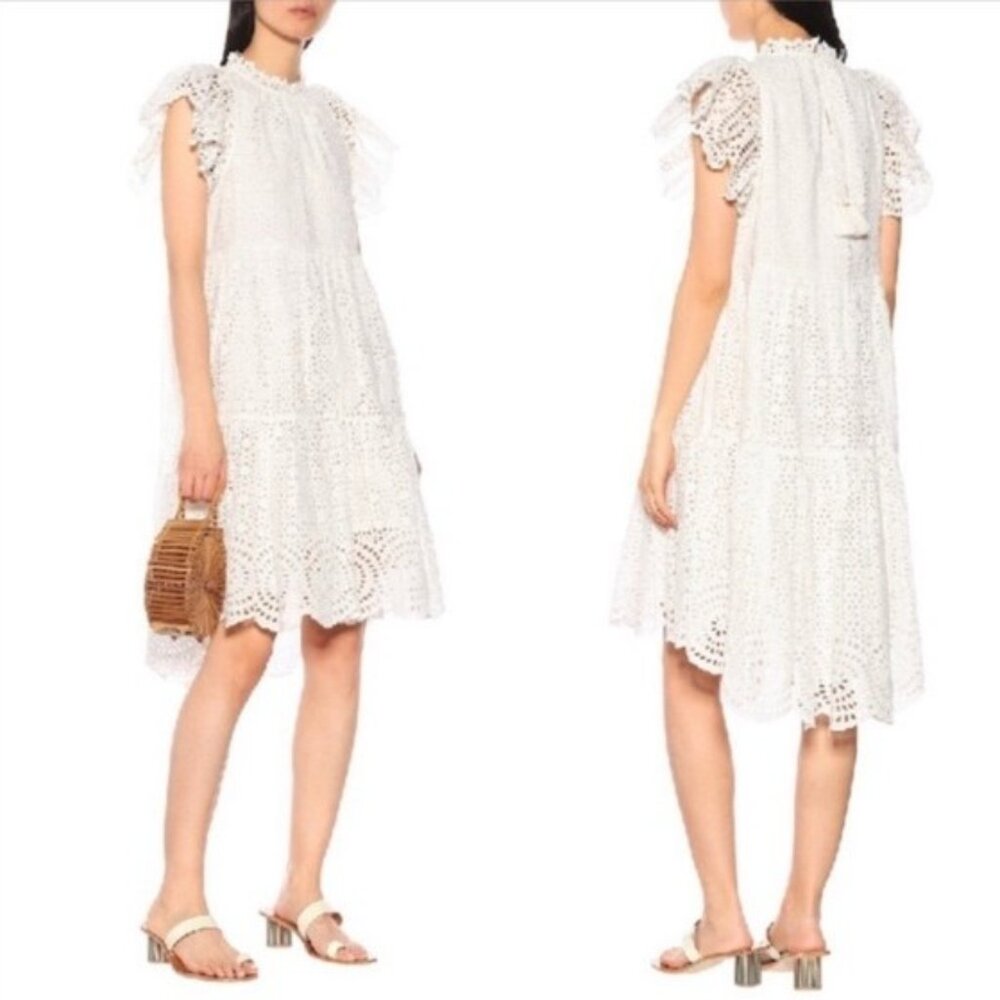 Ulla Johnson Norah Eyelet Flutter Sleeve Tiered Dress. White. SZ 4. RP $595.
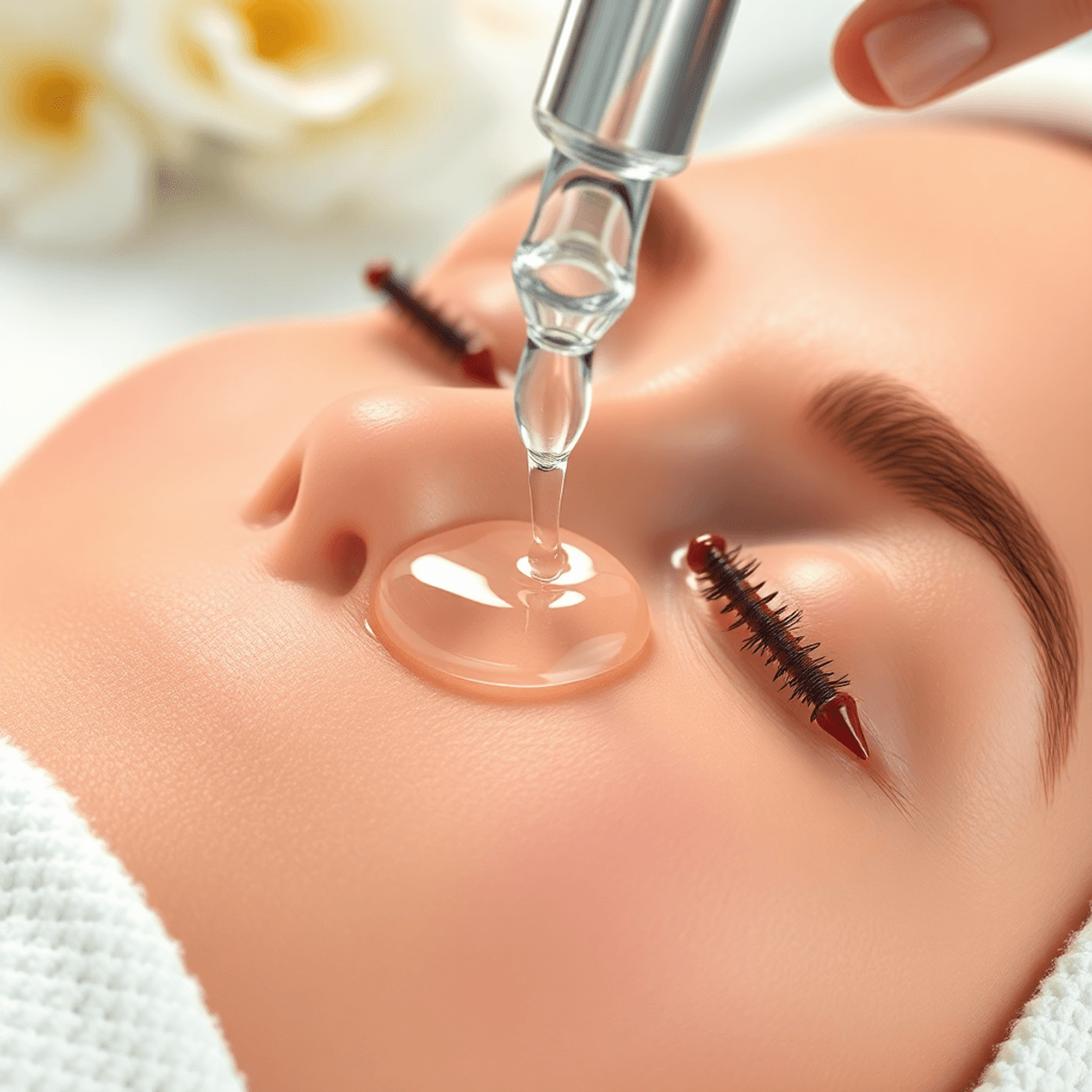Dropper applying a clear gel onto skin during treatment, illustrating proper use of Hyaluronic Acid for Microneedling to boost hydration and support smoother recovery.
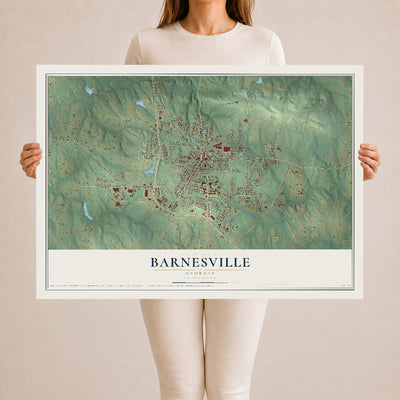 Barnesville, Georgia map print, 24" x 36" Archival Matte Print mockup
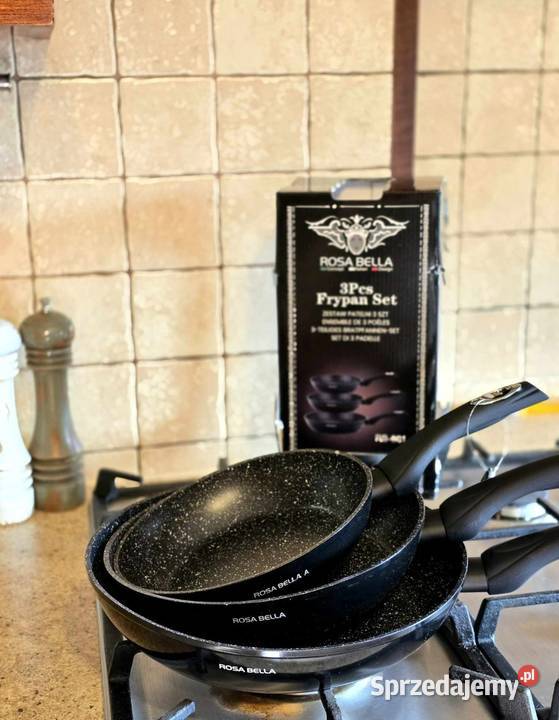 Komplet 3 patelni mazowieckie sprzedam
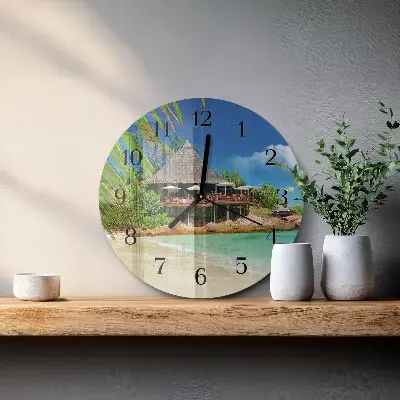 Ronde glazen wandklok Eiland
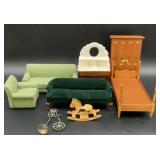 Assorted Dollhouse Furniture & Miniatures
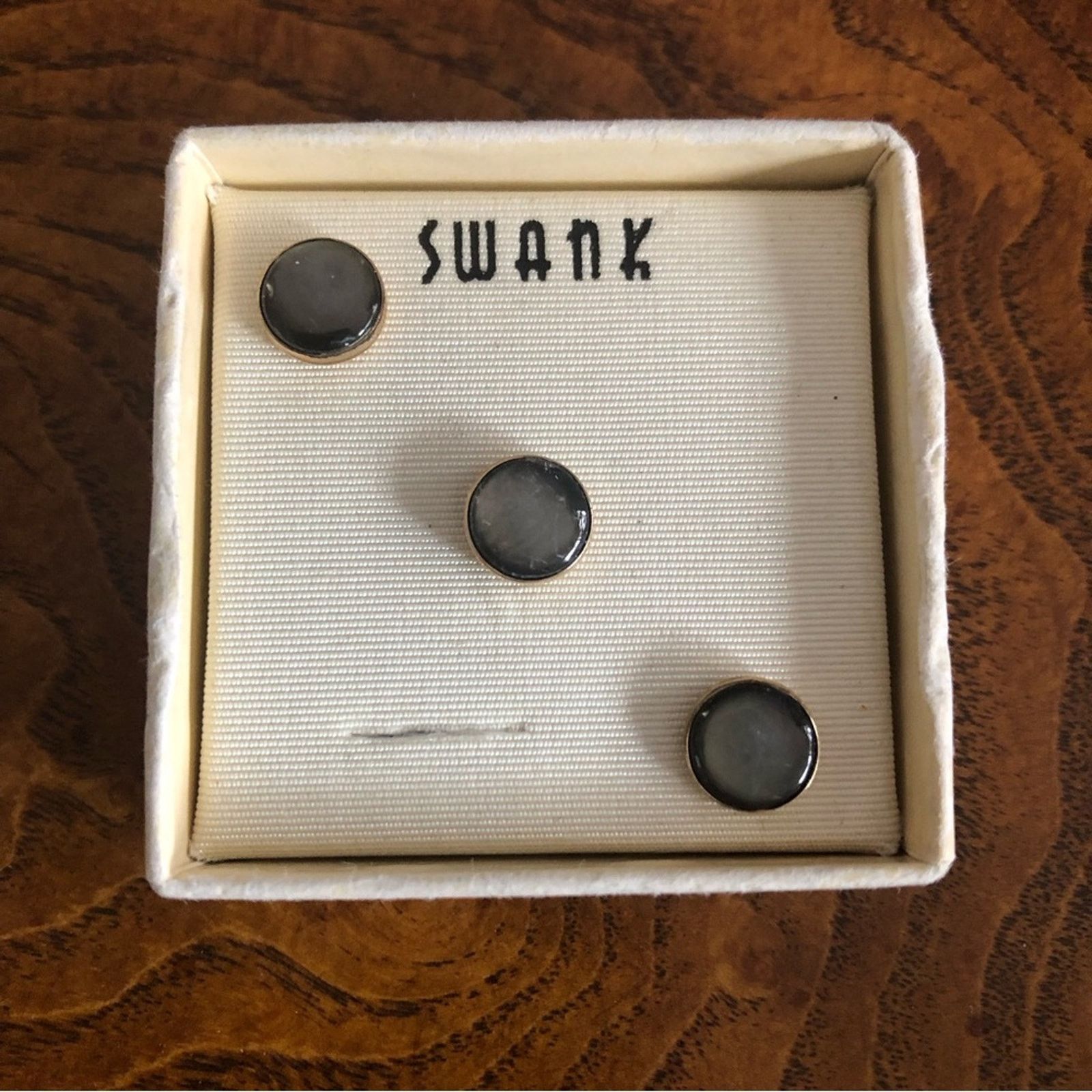 Other Vintage men’s Swank grey with gold setting shirt studs NIB Size ONE SIZE - 1 Thumbnail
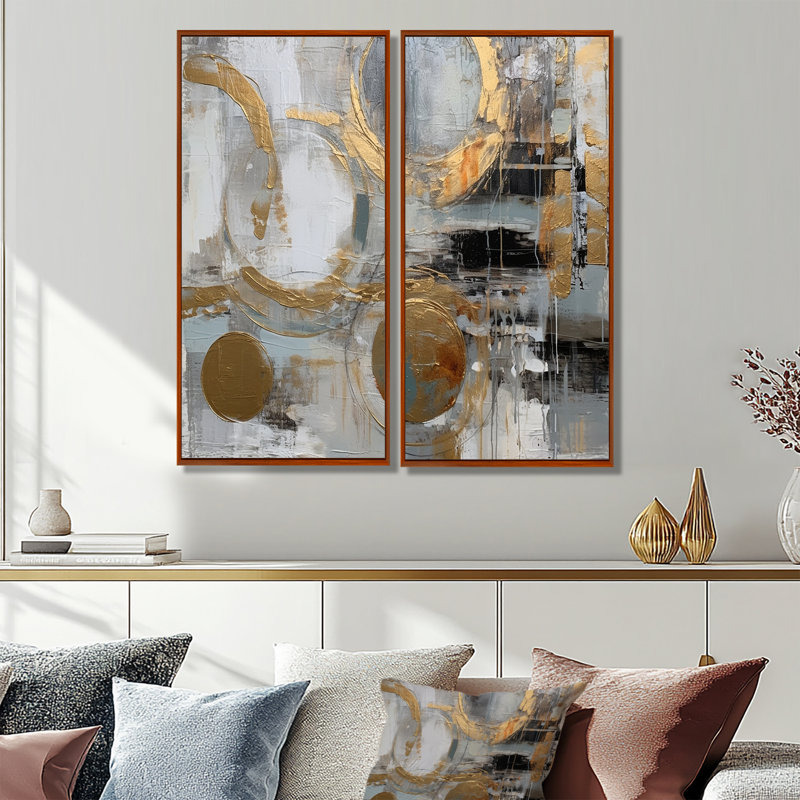 Simplicité radicale dorée et grise II - impressions sur toile dorées, H 20 po x l 24 po, Impression encadrée flottante, Brun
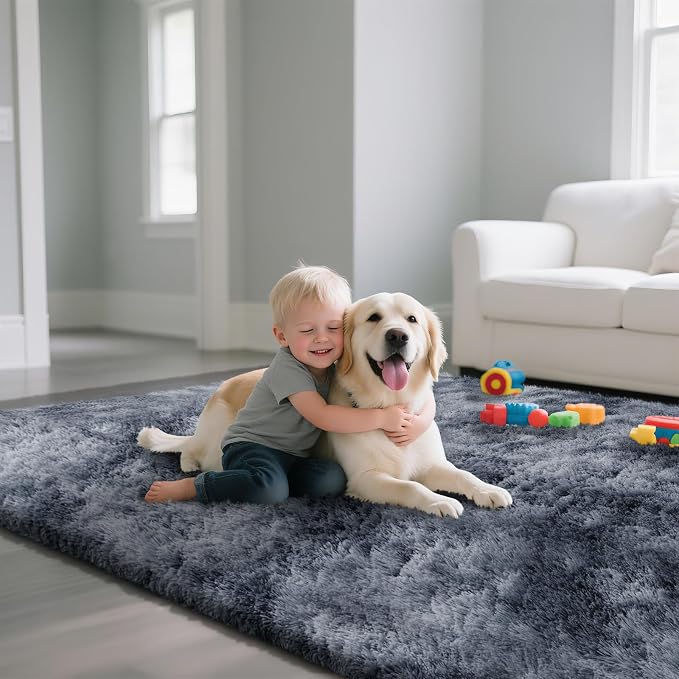 yongyangjuxin Fluffy Rug Shag Area Rug, Mottling Dark Grey 9x12 Area Rugs - Image 5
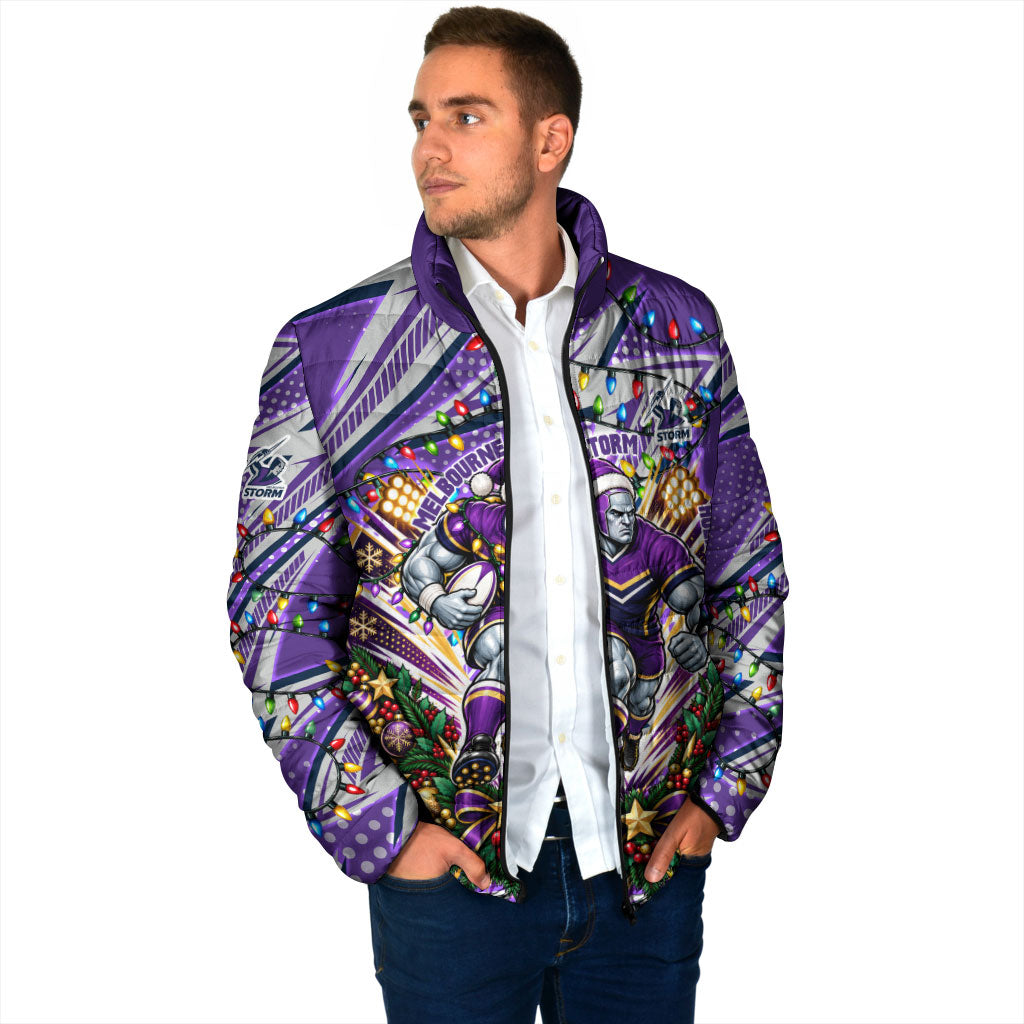 Personalized Melbourne Storm Rugby Christmas Padded Jacket Holiday Mascot Graphic Art Festive Lights Bow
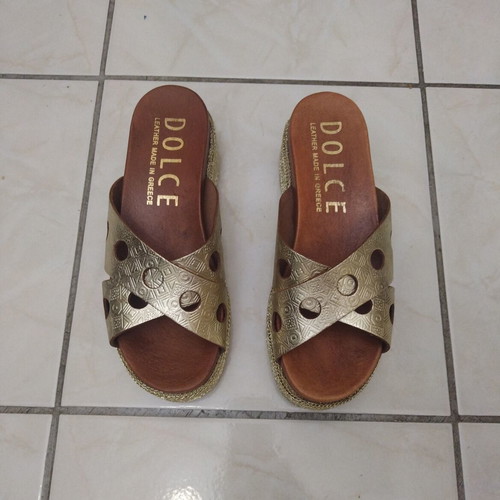 Dolce leather flatform sandals, gold, size 36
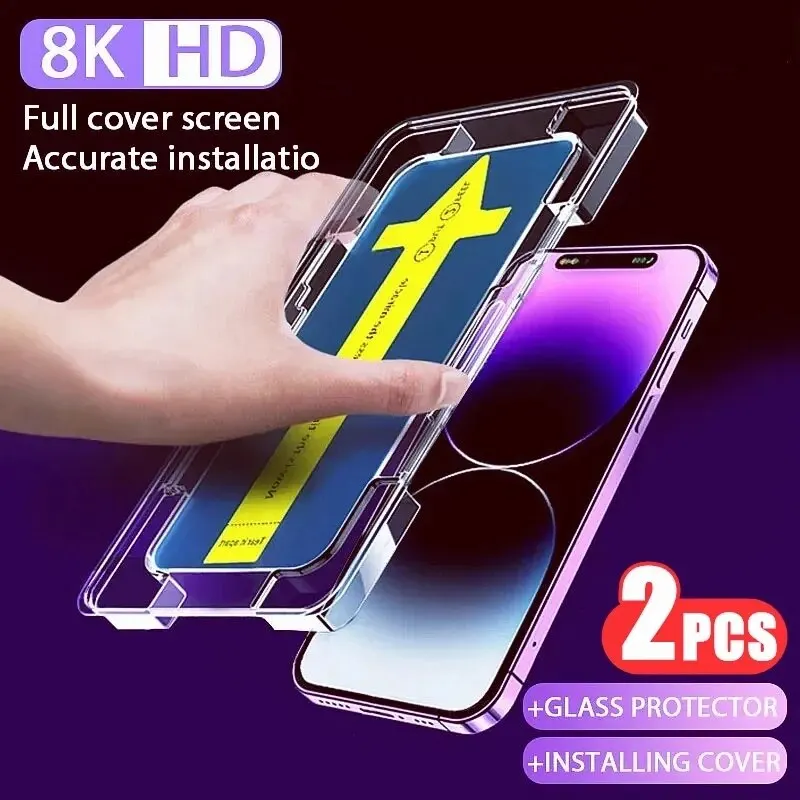 2PCS High End Tempered Glass For IPhone 14 11 12 13 15 Pro Max 15 14 Plus Screen Protector with Alignment Mounting Cover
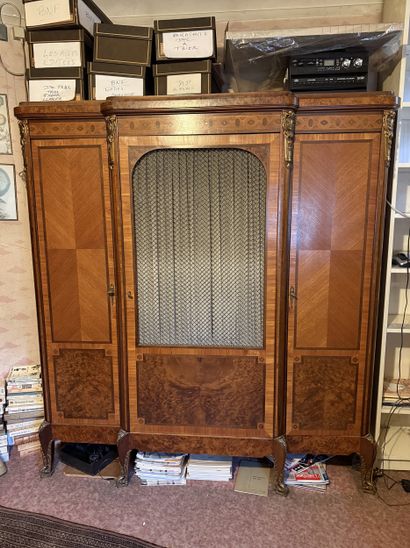 CABINET in burrwood veneer and inlaid decoration...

---*---

Keep to the lines above from the line with "Komplet 3 patelni mazowieckie sprzedam" to the line with "Dolce leather flatform", and set down exactly those, inclusive, with nothing else and every picture left out.

 Komplet 3 patelni mazowieckie sprzedam
 Ronde glazen wandklok Eiland
 Assorted Dollhouse Furniture & Miniatures
 Other Vintage men’s Swank grey with gold setting shirt studs NIB Size ONE SIZE - 1 Thumbnail
 Simplicité radicale dorée et grise II - impressions sur toile dorées, H 20 po x l 24 po, Impression encadrée flottante, Brun
 yongyangjuxin Fluffy Rug Shag Area Rug, Mottling Dark Grey 9x12 Area Rugs - Image 5
 Personalized Melbourne Storm Rugby Christmas Padded Jacket Holiday Mascot Graphic Art Festive Lights Bow
 Dolce leather flatform sandals, gold, size 36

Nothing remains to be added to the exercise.